▶ WORK ORDER: Leave out every picture, and output exactly the lines from the line containing "Патрубок воздушного фильтра" through the last line of the data.

▶ DATA BLOCK:
- - - -

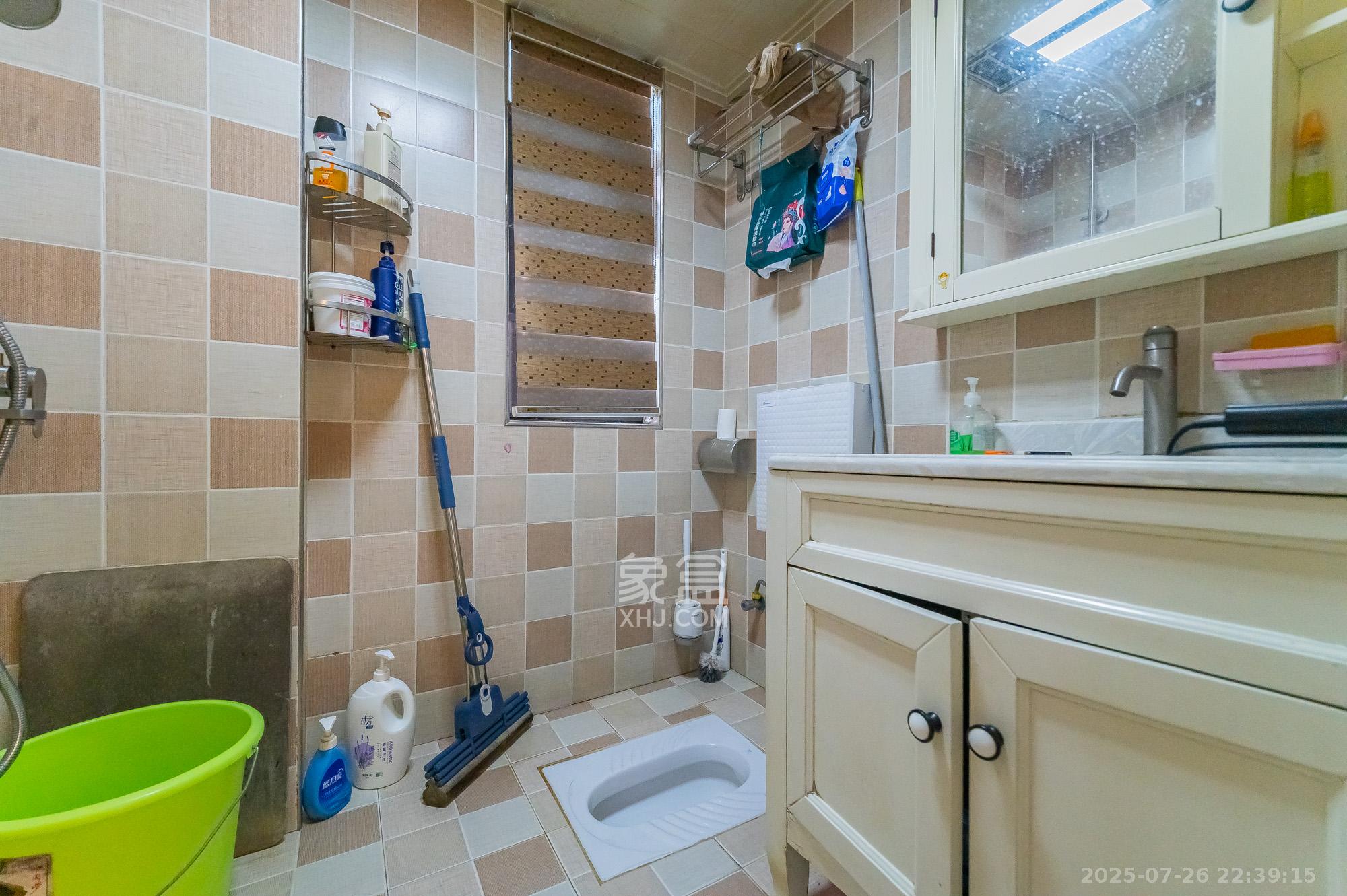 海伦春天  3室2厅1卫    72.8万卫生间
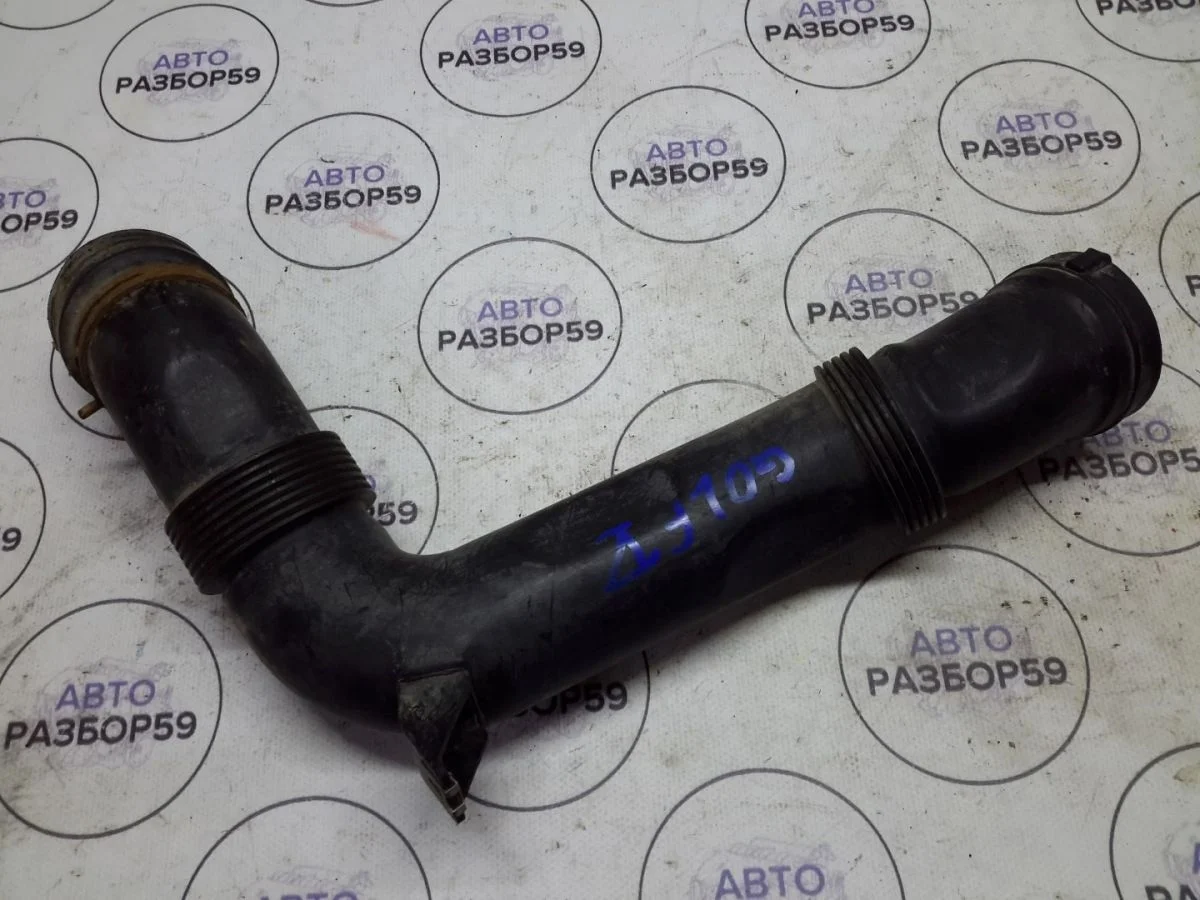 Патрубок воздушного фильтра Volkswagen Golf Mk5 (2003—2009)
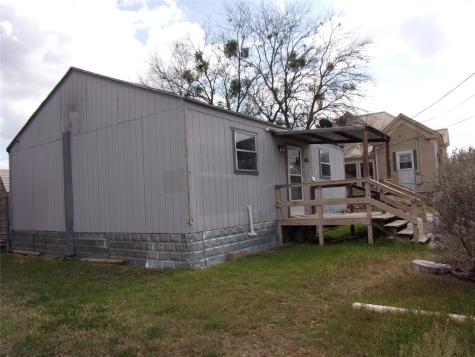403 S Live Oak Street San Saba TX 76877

- - - -

▶ ANSWER TO THIS TASK:
 Патрубок воздушного фильтра Volkswagen Golf Mk5 (2003—2009)
403 S Live Oak Street San Saba TX 76877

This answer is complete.